Chinook troll fishers in Southeast Alaska to put hooks in water July 1, but how many can they catch?


One day after the Ninth Circuit Court of Appeals overturned a Seattle judge’s ruling that had shut down the Southeast Alaska chinook troll fishery, the Alaska Department of Fish and Game delivered the catch limit news to the troll fishermen, specifying the number of kings they are allowed to catch during the upcoming season.

Commercial trollers will have a total allocation of 74,800 chinook salmon during the first retention period, which begins July 1. Based on data from past years, the department thinks that the goal will be reached in 9-10 days, depending on weather.

The Alaska Department of Fish and Game had already announced that between October 2022 and September 30, 2023, trollers would be permitted to harvest 149,100 treaty chinook. Those are not fish originating from Alaska hatcheries. This represents a reduction of 44,100 fish compared to the previous year, amounting to a 30% decrease.

The adjustment in harvest limits can be attributed to the Pacific Salmon Commission’s implementation of a more conservative approach to setting chinook harvest caps for Southeast Alaska. As the regulatory body overseeing fishing practices along the West Coast of the United States and Canada, the PSC makes the catch allocations between the two countries under the U.S.-Canada Pacific Salmon Treaty.

Following the allocation decision, the Alaska Board of Fisheries must approve the management plans that divide the state’s catch among various gear types and user groups.

More information on the exact details of the commercial Southeast chinook fishery can be found at this ADF&G announcement.

Meanwhile, Wild Fish Conservancy, which brought the lawsuit to try to shut down commercial king trolling in Southeast Alaska, said “the appeals process is just beginning,” indicating that the group may make an appeal to the U.S. Supreme Court. That appeal could likely be after the July troll fishery, which is is just four days away.


  1. If you want Chinook numbers to come back then the logical thing to do is not harvest anymore instead of making up excuses to continue harvesting. Alaska dept. of F & G have for many years been poor managers of the same.

  2. Suzanne, I would respectfully ask that you please not allow yourself to fall prey to the radical leftist, Orwellian redefinition of words, as you did with the headline here.

    “Fishers” are an animal in the Mustelidae (Weasel family).

    “Fishermen” are those (humans), of either sex, who catch fish.

    • I was aiming for character efficiency in the 3-deck headline. (And I’ve also routinely called them fishers for 20 years, before fashionable.) – sd

    • Jefferson:
      Before you attempt to correct Suzanne for her use of the word “Fisher” you might consider the Oxford, Cambridge, and Webster dictionary definitions.
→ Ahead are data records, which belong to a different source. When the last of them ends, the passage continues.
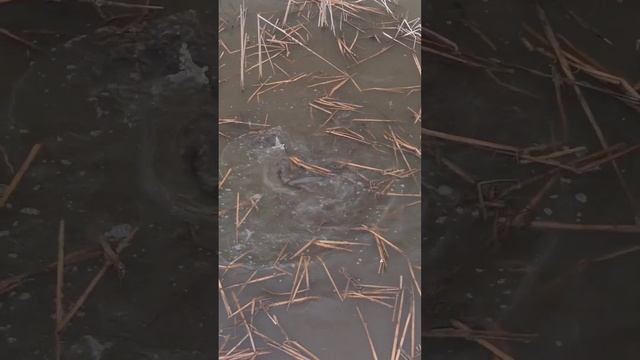 вода бурлит,у нас начался нерест #slingshotfishing #охотанарогатку #охотасрогаткой #нерест смотреть онлайн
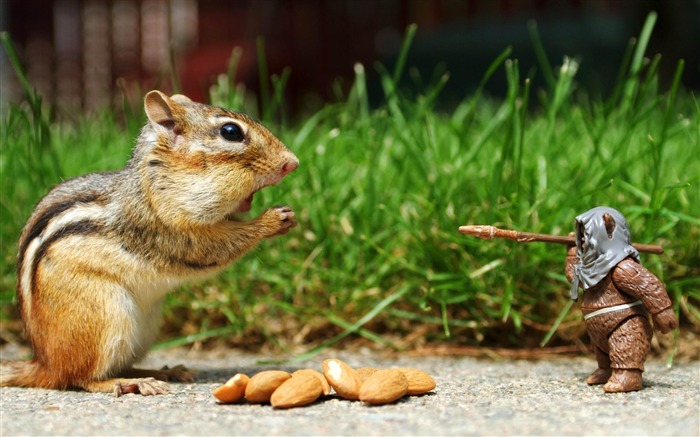 小さなリス-動物写真の壁紙 ブラウズ:14781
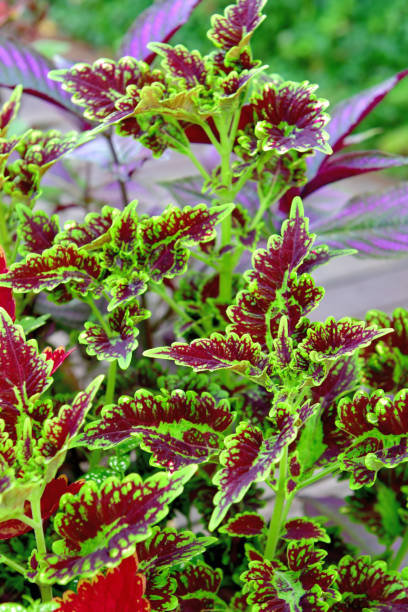 istock Coleus: Leaves and Flowers 1182891328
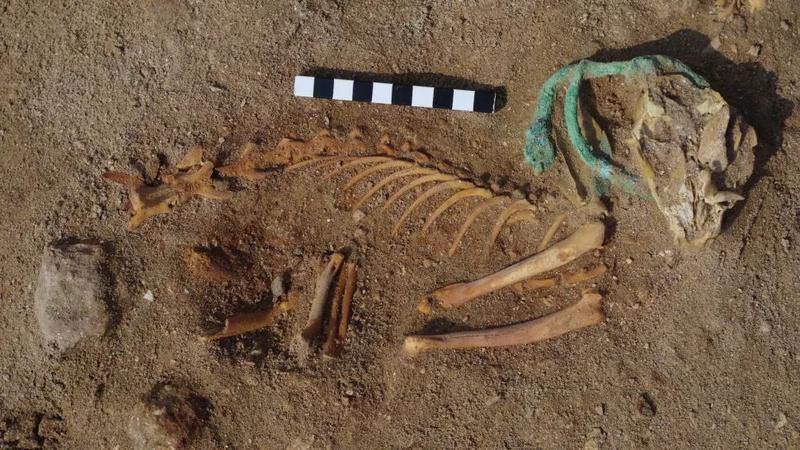 В Египте обнаружено старейшее кладбище домашних животных / Марта Осипинская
The first definition in those dictionaries states clearly that “Fisher” is a person who fishes. Other definitions from other dictionaries state the same. I am pretty sure that not all of these definitions are a re- definition from radical leftists. Some may even pre-date the term radical leftist.
      Fisher is a non gender term used for all who engage in sport or commercial fishing. The animal “fisher” is a word very seldom used, and I believe never the first definition in any dictionary.
      Caution is in order whenever you contest the use of a word by Suzanne Downing. You get in over your head rapidly. I mean
      quickly. No, I mean “ in a hurry”.

      • AF, common usage of the words over my lifetime, and well before, clearly demonstrates, or at least demonstrated (past tense), until very recently, that a person engaged in the act of fishing was a “fisherman”, and a “fisher” was an animal.

        You can argue the semantics all you want, but until recent years, virtually NOBODY used the word “fisher” to mean “fisherman”.
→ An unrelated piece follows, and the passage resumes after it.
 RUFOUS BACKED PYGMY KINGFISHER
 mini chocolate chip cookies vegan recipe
        • Wow Jefferson. I was trying to put a humorous spin on your critique of Suzanne’s use of “ Fisher” . I was simply letting you know that all the dictionaries I read said Fishers were people who fished. Don’t know about “ recent” years but most people I know used “ fishers” and “ fishermen”.
          This is not about semantics. It’s about your misplaced criticism of Suzanne. Lighten up a bit. I mean, give her a break. Or something like that.
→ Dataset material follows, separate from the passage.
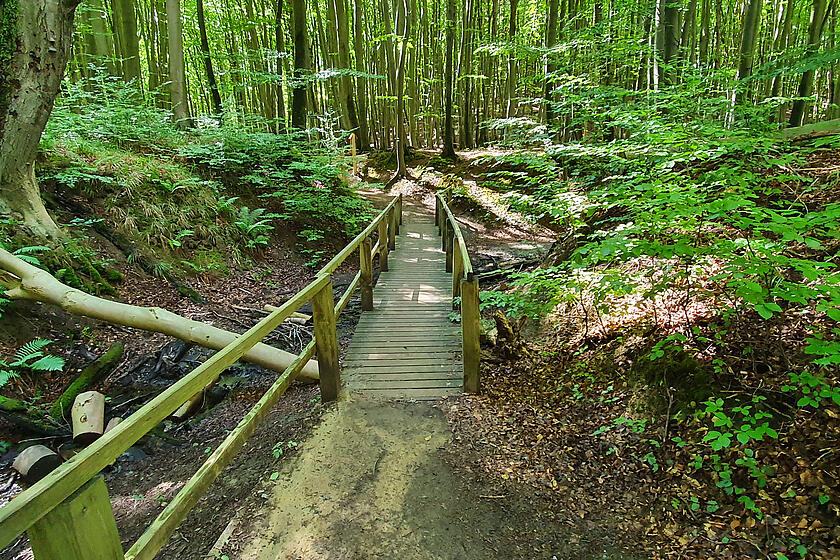 eine Brücke aus Holz im grünen Wald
  3. So, the hundred year old Southeast Alaska Mom & Pop troll fishery gets an allocation of 74,000 king salmon & the relatively new Seattle based factory trawl fleet in the Bering Sea has a bycatch cap of 55,000 kings & the Gulf of Alaska trawl fleet doesn’t even have any restrictions on the amount of king salmon bycatch, I believe! Maybe Senator Sullivan should look into this.